A very gentle introduction to e-values

8 minute read

Published: January 24, 2026

Preliminaries

This blog post is intended to provide some intuition behind e-values, a framework for hypothesis testing that has gained traction in the statistics and ML community over the last few years. The goal of this post is to briefly communicate what e-values are and how they’re connected to testing. I assume familiarity with statistics and the basic concepts of hypothesis testing, so be sure to brush up on those before reading. I will also use Markov’s inequality, which states that for any non-negative random variable $Z$ and $z>0$,

\[P(Z \geq z) \leq \frac{\mathbb E[Z]}{z}.\]

Introduction

The null hypothesis is some state of nature that you are interested in testing. For example, in a t-test in regression, the null hypothesis is $H_0 : \beta_j = 0$, meaning that the $j$th variable has no impact on the mean of the outcome. We then construct a test statistic, in this case, $Z_j = \hat \beta_j/{ \hat \sigma \sqrt{v_j} }$, where $v_j$ is the $j$th entry along the diagonal of $(X^T X)^{-1}$. The idea behind this test statistic is that, if $H_0$ were true, then its magnitude would be small. More formally, under $H_0,$ $Z_j \sim t_{n-p-1}$, or a t-distribution with $n-p-1$ degrees of freedom, which is a symmetric distribution about zero. If $T_j=|Z_j|$ is large, then clearly this is evidence against the null, particularly for large $n$.

In practice, we reject the null when $T_j$ is greater than or equal to $k$, which is the $1-\alpha/2$ quantile of a $t_{n-p-1}$ distribution, where $\alpha \in (0,1)$. Why this quantile specifically? This is because we know the distribution of $Z_j$ under the null exactly, and so the test $\phi = \textbf{1}(T_j>k)$ is a level-$\alpha$ test, i.e. $\mathbb E^0[\phi] = \alpha$, where that expectation is taken with respect to the distribution of the data when $\beta_j=0$. In general, a level-$\alpha$ test $\phi$ satisfies $\mathbb E^P[\phi] \leq \alpha$ for all distributions $P$ covered by the null hypothesis.

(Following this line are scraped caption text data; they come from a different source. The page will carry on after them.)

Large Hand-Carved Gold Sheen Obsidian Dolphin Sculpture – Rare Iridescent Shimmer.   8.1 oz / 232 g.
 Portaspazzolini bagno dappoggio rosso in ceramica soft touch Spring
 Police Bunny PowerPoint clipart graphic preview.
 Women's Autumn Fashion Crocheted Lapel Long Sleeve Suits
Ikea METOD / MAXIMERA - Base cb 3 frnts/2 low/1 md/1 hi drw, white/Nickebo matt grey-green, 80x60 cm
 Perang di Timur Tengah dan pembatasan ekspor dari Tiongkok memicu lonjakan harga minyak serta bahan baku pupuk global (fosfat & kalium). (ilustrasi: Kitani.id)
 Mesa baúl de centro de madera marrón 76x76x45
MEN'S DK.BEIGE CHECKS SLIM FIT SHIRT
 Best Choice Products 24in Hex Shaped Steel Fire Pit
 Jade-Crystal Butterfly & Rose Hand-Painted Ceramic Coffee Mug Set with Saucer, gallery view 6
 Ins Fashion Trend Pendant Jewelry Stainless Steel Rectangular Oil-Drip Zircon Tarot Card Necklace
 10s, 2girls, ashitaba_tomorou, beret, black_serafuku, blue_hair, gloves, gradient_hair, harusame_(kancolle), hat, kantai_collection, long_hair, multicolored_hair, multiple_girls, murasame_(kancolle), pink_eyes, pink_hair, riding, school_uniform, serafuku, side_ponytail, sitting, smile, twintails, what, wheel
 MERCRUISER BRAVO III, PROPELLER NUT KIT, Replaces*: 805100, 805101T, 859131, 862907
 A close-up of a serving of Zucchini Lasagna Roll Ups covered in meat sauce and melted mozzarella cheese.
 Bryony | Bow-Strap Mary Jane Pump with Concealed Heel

For many models, we may not know the distribution of the test statistic when $H_0$ is true. In that case, how can we design a level-$\alpha$ test (without replying on an asymptotic approximation)?

E-Variables

More generally, say that the data are $Y=(Y_1, \dots, Y_n)$, and I have access to some nonnegative test statistic $E=E(Y)$. The notation here reflects that $E(Y)$ is a function of $Y$, and all probability statements below are meant to be expressed in terms of the distribution of $Y$. Say that I have a simple null hypothesis $H_0$, which just means that there is a single distribution $P$ for $Y$ that corresponds to $H_0$, which has pdf/pmf $p$.

Now, unlike the regression context, say that I do not know the distribution of $E$ if $Y \sim P$. However, I do know the following:

\[\mathbb E^P[E(Y)] = \int E(y) p(y) \textrm{d} y \leq 1.\]

If the above holds, then we call $E(Y)$ an e-variable, and $E(y)$, or the value that $E(Y)$ takes after observing the data, is an e-value. Now, consider the test $\phi = \textbf{1}(E(Y) \geq 1/\alpha)$. Like our earlier example, this test rejects $H_0$ when a test statistic, $E(Y)$, is large, but the cut-off is not some quantile, instead, it is a universal cut-off that does not depend on $P$.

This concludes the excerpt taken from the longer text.